Problem to solve => In the entries that follow, find the line containing "Cap Esterel Apartamento" and the line containing "我戴的金属镜架，腿腿和鼻托都发绿了，哪里可以清理维修", then copy exactly everything from the first through the second except the pictures.

The data =>
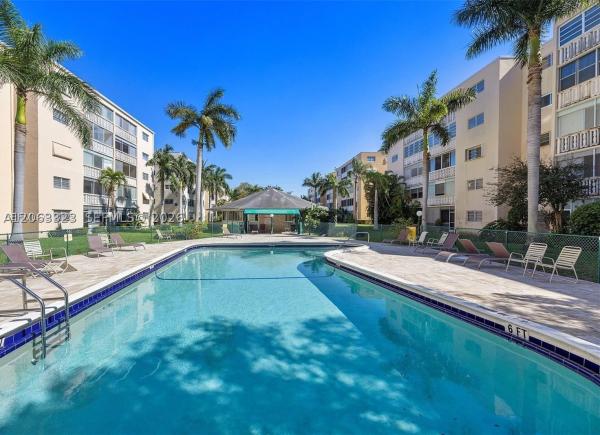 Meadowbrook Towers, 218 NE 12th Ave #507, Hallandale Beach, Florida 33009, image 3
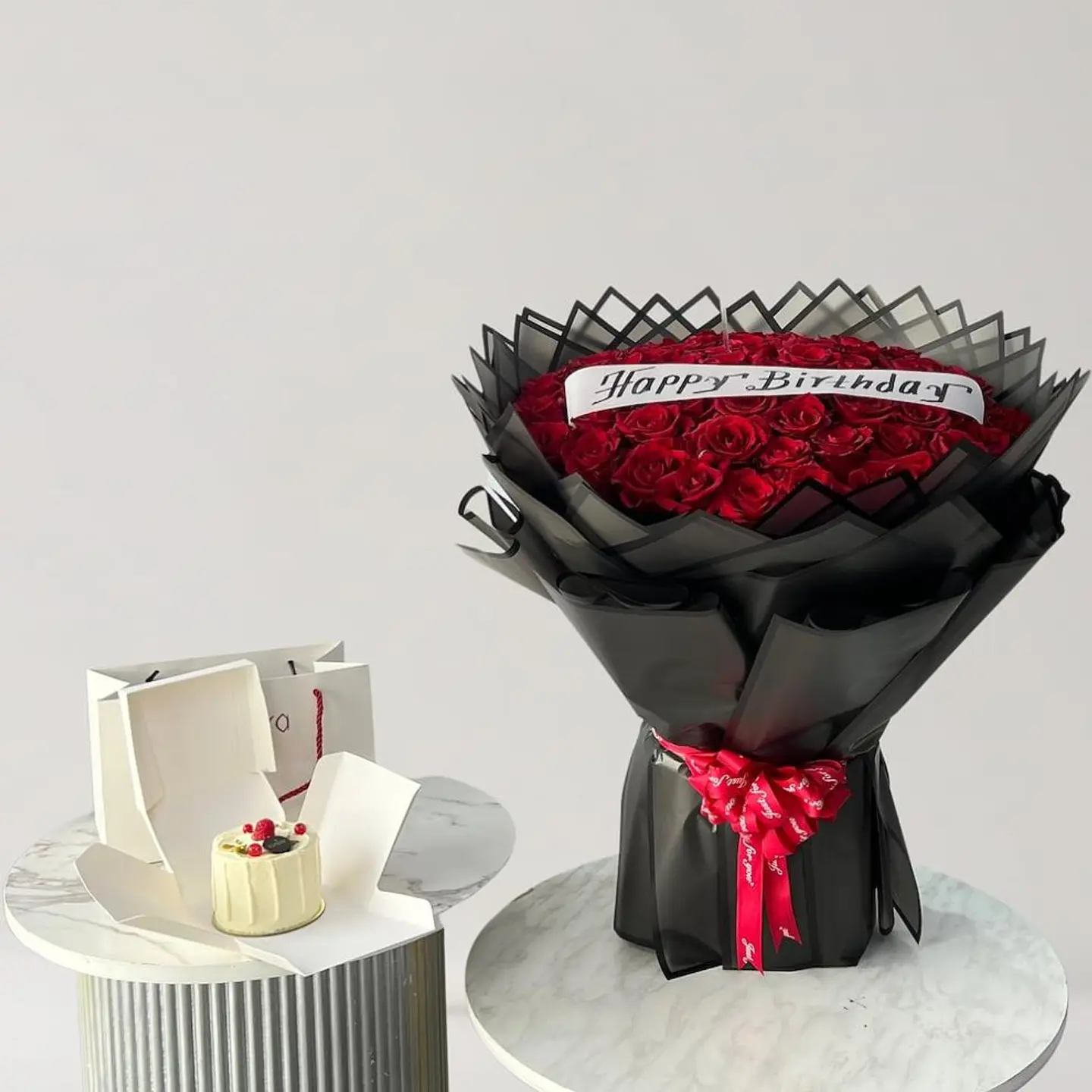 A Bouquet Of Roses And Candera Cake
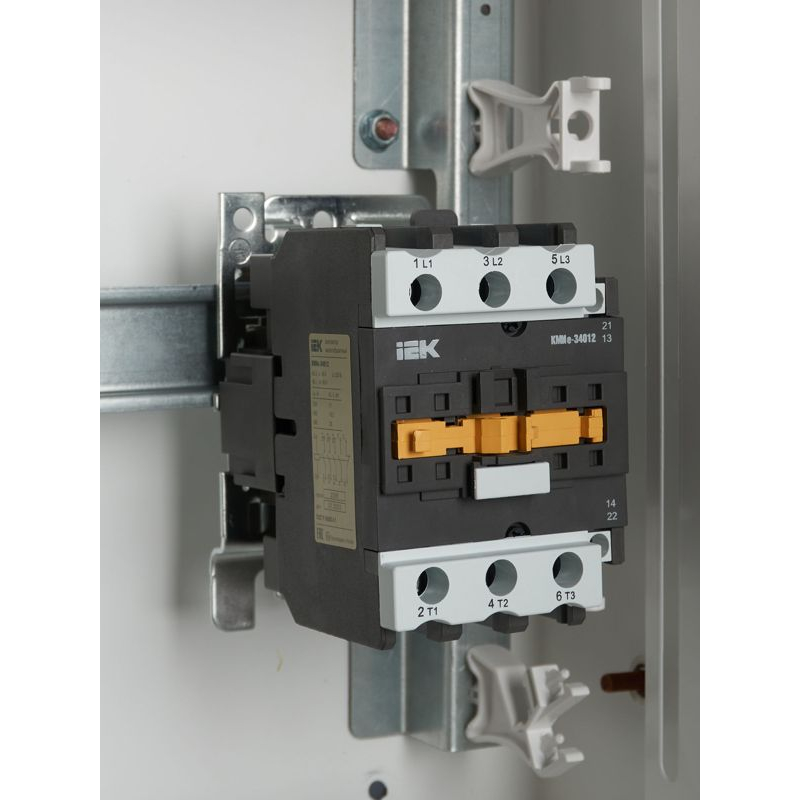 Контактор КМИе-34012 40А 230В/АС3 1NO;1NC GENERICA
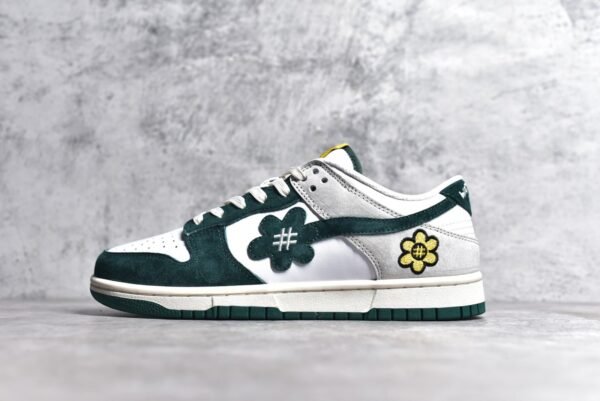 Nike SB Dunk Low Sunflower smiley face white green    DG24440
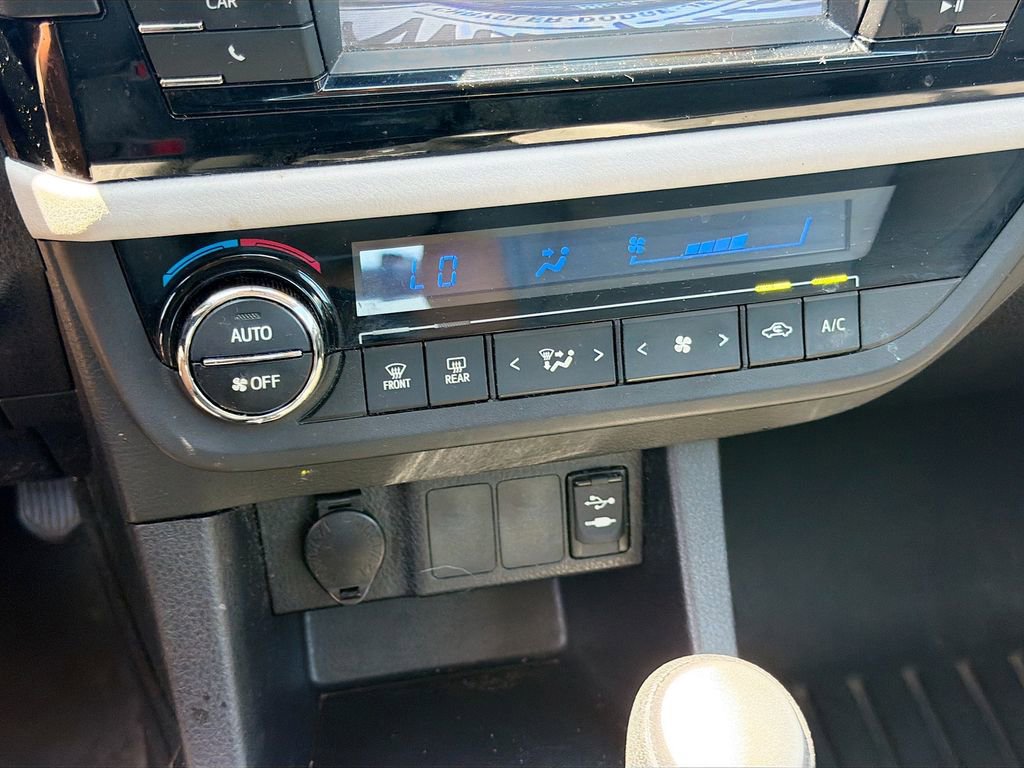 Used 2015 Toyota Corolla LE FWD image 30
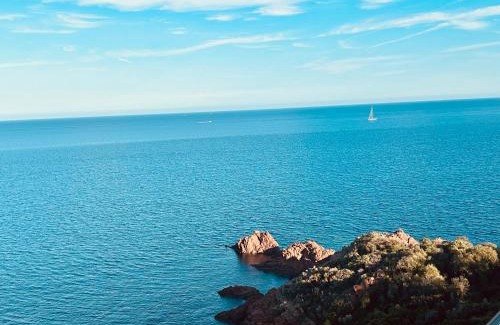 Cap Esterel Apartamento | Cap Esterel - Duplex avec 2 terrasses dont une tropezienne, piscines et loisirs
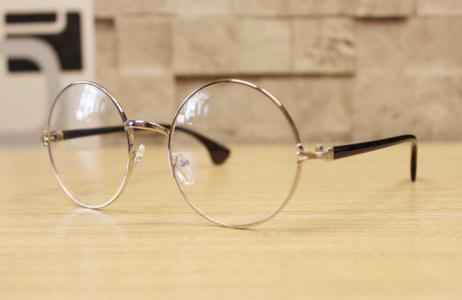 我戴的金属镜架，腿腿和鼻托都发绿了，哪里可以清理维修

---

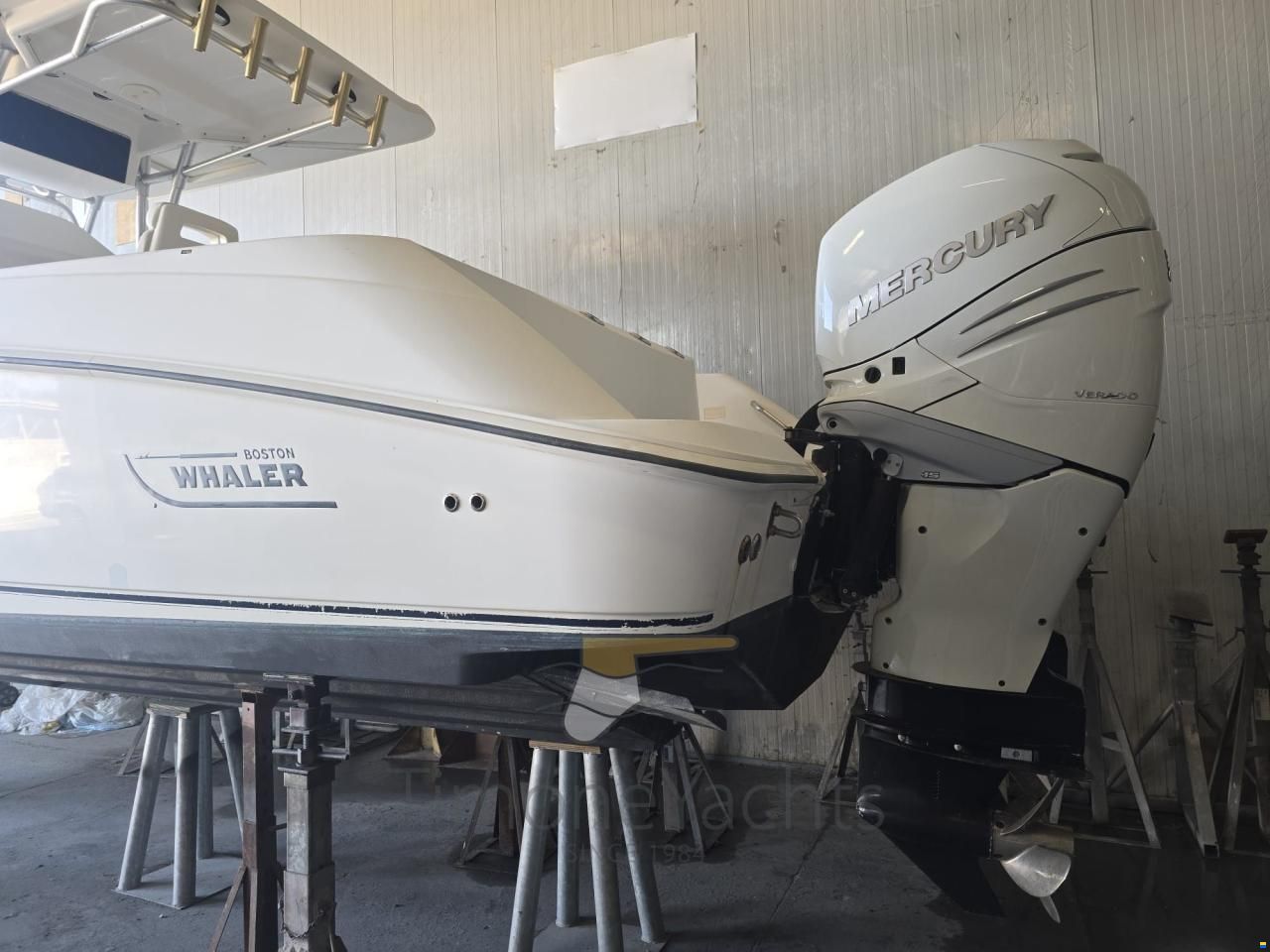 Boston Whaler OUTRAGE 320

Exercise result =>
 Cap Esterel Apartamento | Cap Esterel - Duplex avec 2 terrasses dont une tropezienne, piscines et loisirs
 我戴的金属镜架，腿腿和鼻托都发绿了，哪里可以清理维修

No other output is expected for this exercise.